» **ABOUT THIS TASK**: Leave the pictures out, and repeat exactly every line from the one with "Chaleco táctico Helikon" through the end of the data below.

» **DATA SEGMENT**:
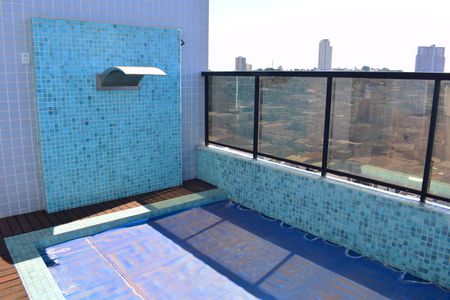 Apartamento para alugar com 253m², 4 quartos e 3 vagasPiscina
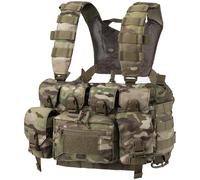 Chaleco táctico Helikon Guardian Recce Chaleco Cinchas Molle MultiCam Camo
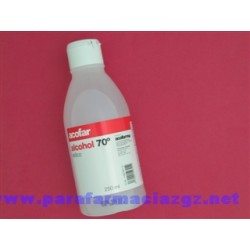ALCOHOL 70 ACOFAR 250 ML...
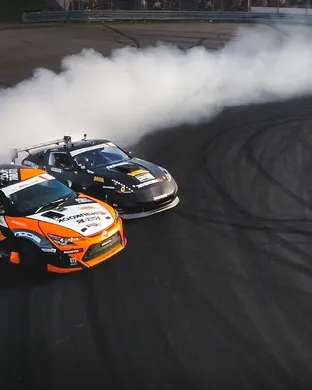 Formula Drift - Saturday Main Event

» **SOLUTION TO THIS EXERCISE**:
 Chaleco táctico Helikon Guardian Recce Chaleco Cinchas Molle MultiCam Camo
ALCOHOL 70 ACOFAR 250 ML...
 Formula Drift - Saturday Main Event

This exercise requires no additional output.